A part les musées, avec qui voudriez-vous lancer des ponts? - Nous collaborons avec la HEAD (Haute Ecole d'Art et de Design), ce qui me semble normal. Il faudrait maintenant tisser des lien avec l'Université. Nous avons besoin de projets communs pour que Swisstourisme vende enfin Genève comme une ville de culture. Ceci à l'étranger comme en Suisse, où il convient d'encourager la mobilité dans l'autre sens. Après tout, les Genevois vont bien à «Art/Basel», chez les Beyeler ou au Kunsthaus de Zurich! On pourrait au moins organiser des voyages de presse communs. Celle-ci n'a pas assez d'argent pour faire bouger ses journalistes. Cela suppose un effort collectif. Mais il y a une porte entrouverte. La Ville semble aller dans cette direction, avec quelqu'un comme Carine Bachmann du Département de la culture et du Sport.

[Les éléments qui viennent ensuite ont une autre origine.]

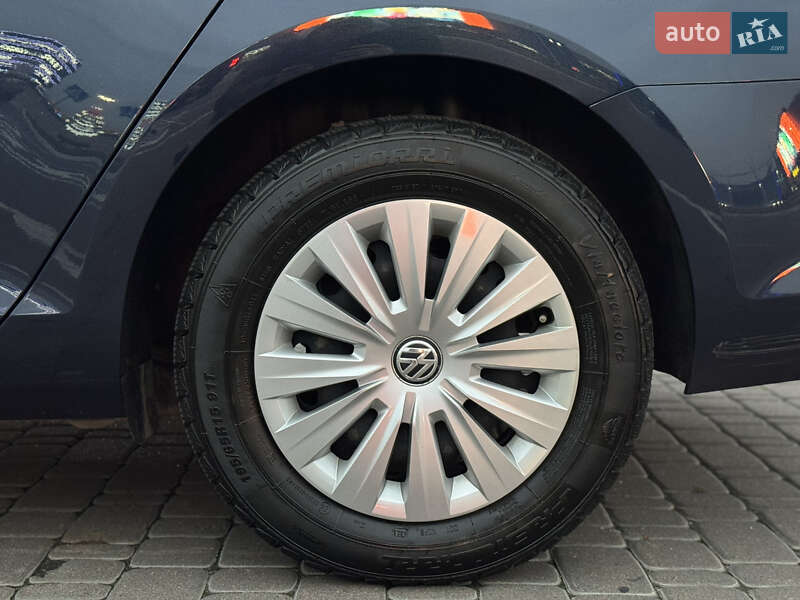 Универсал Volkswagen Golf 2013 в Киеве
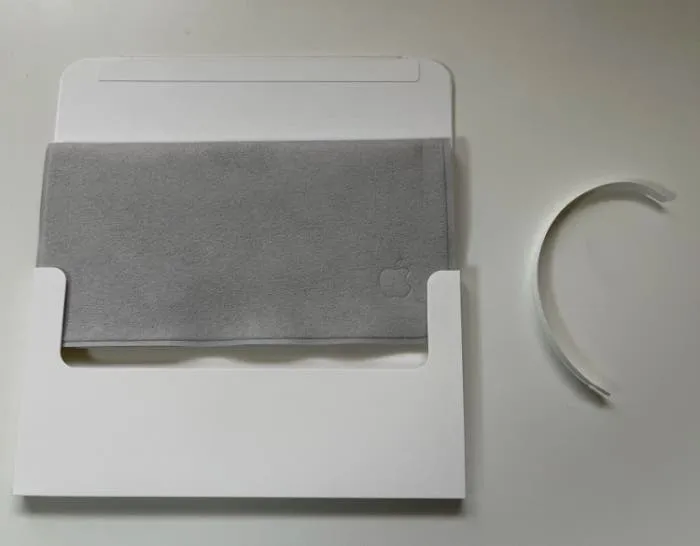 apple cloth 3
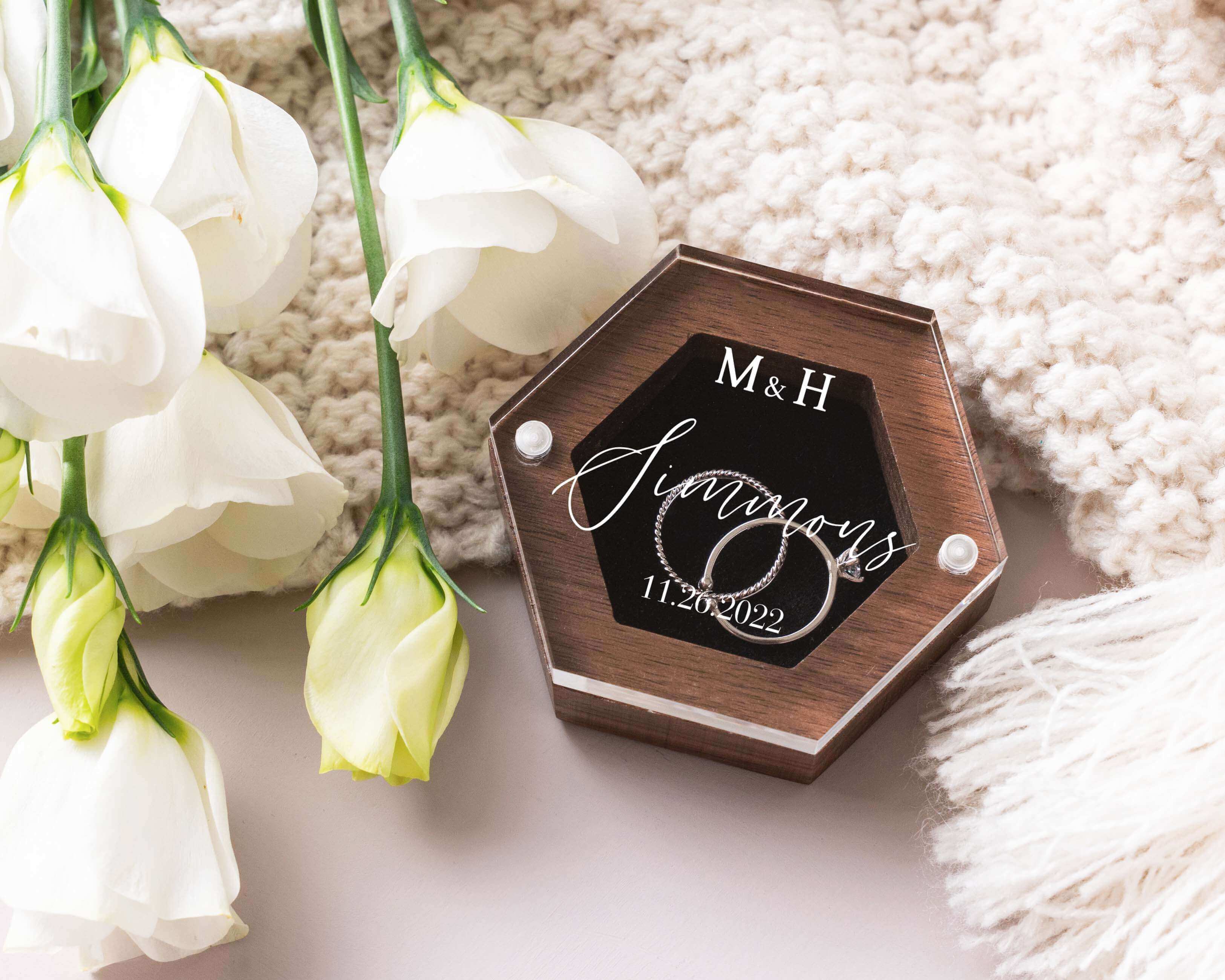 Personalized ring bearer box with custom teat - Hundred Hearts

Qu'est devenu «Le Voyageur», qui promenait le Mamco dans les communes genevoises? - Ah! «Le Voyageur», qui fonctionnait à la manière d'un cirque, avec chapiteau à dresser et à démonter, avait été imaginé pour les 20 ans du Mamco en 2014. Il aurait dû y avoir, à ce moment-là, la matérialisation d'une promesse de rénovation du musée. Il avait été ouvert en 1994 en faisant de simples travaux d'urgence à l'intérieur de l'ex-SIP (Société des Instruments de Physique). Cette promesse a beau avoir été signée, elle n'a pas été tenue. «Le Voyageur» est donc devenu un appendice à gérer. Il y avait les accords à trouver avec les communes. Les déplacements. Une exposition nouvelle à créer pour chaque étape. C'était ruineux et en plus chronophage pour une petite équipe. Il est donc vite apparu des problèmes de programmation et de gestion, ceci d'autant plus que l'initiative avait été nettement sous-évaluée. Certains éléments se démontaient mal. Il fallait aplanir les terrains. Ajoutez l'eau. L'électricité. Bref, «Le Voyageur» coûtait sept fois plus que prévu. Il fallait dès le départ que les communes participent aux frais. Elles se sont du coup mises à reculer. Tout s'est retrouvé bloqué. Je n'ai aujourd'hui plus qu'un seul candidat, Meyrin. Mais ce candidat ne dispose pas de la parcelle libre voulue...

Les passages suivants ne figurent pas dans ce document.